Different links can be used but the logit link retains interpretability in terms of the odds ratio. Beta regression allows a flexible variance,

$Var\left(Y\right)=\frac{{\mu}_{Y}\left(1-{\mu}_{Y}\right)}{1+\phi}$ . (10)

This more flexible variance becomes indispensable when modeling proportional data from heterogeneous populations that exhibit overdispersion or excessive variance. If overdispersion is thought to depend on values of predictor variables, then the precision parameter, $\phi $ , can regressed to the variance boosting factors,

${g}_{2}\left(\phi \left(Z\right)\right)=Z\gamma $ (11)

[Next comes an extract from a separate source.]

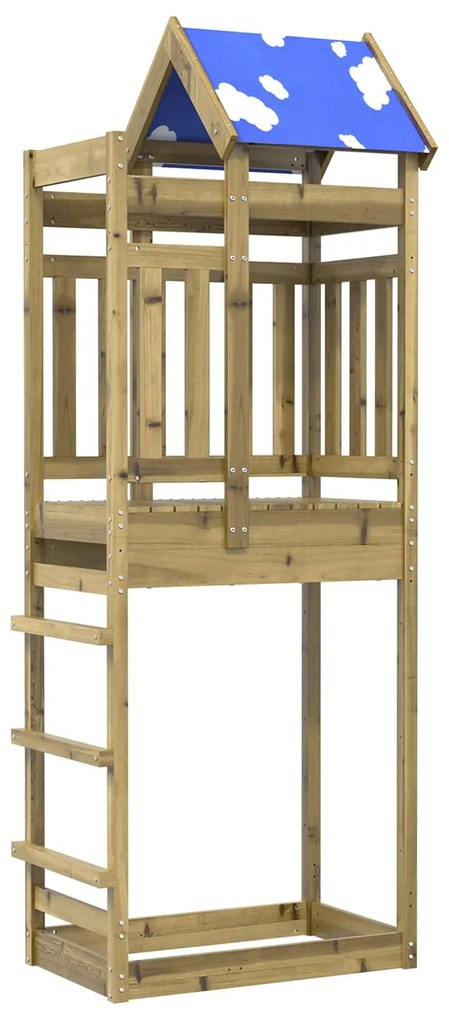 vidaXL Torre de Brincar Castanho Madeira Sólida Impregnada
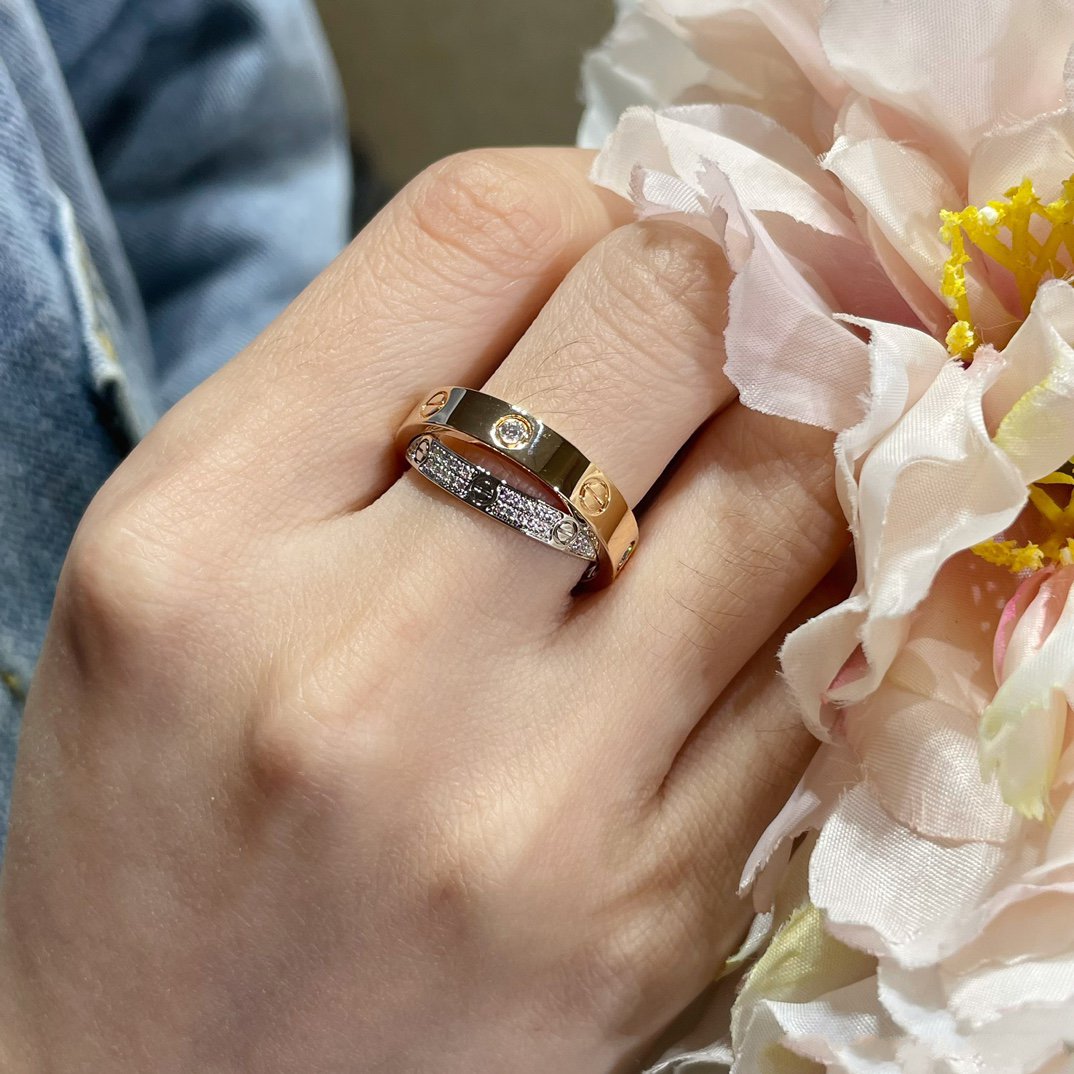 [vivabelle]LOVE PINK GOLD SILVER DIAMOND DOUBLE RING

where *g*_{2} is an invertible link function, *Z* is the matrix of predictors, and
$\gamma $ is a parameter vector. Choice of the link function for
$\phi $ is context dependent but a log link is common.

5.2.3. More Advanced Beta Regression Techniques

Extensions to the beta regression model introduced in the previous section are possible. In real life scenarios exact 0’s or 1’s may be observed in the data. These boundary values can be handled with data transformations that shift the 0- and 1-point mases to the center of the data. The transformation increases the value of the zero and decreases the value of the one observations marginally but allow the beta model to be used. However, the 0’s and 1’s may carry meaningful information that would be lost if transformed. The need to directly model the 0’s and 1’s is addressed with the zero-one inflated beta regression model. Readers interested in greater details are referred to the literature [40] [41] [42] .

Data that has been collected across a wide range of individuals might be comprised of unobserved clusters of individuals and ignoring this by imposing a homogenous model will underfit the data. Explicit attention to variability in effects is paramount in trying to understand the complex ways variables interrelate. Heterogeneity between groups of individuals can be tackled with the strategy of model-based recursive partitioning with beta regression tree models [43] . This partitioning is like that of the classification and regression tree (CART) method but differs in its broader aim of capturing differences in the parameters that describe the distribution of the response variable [44] [45] .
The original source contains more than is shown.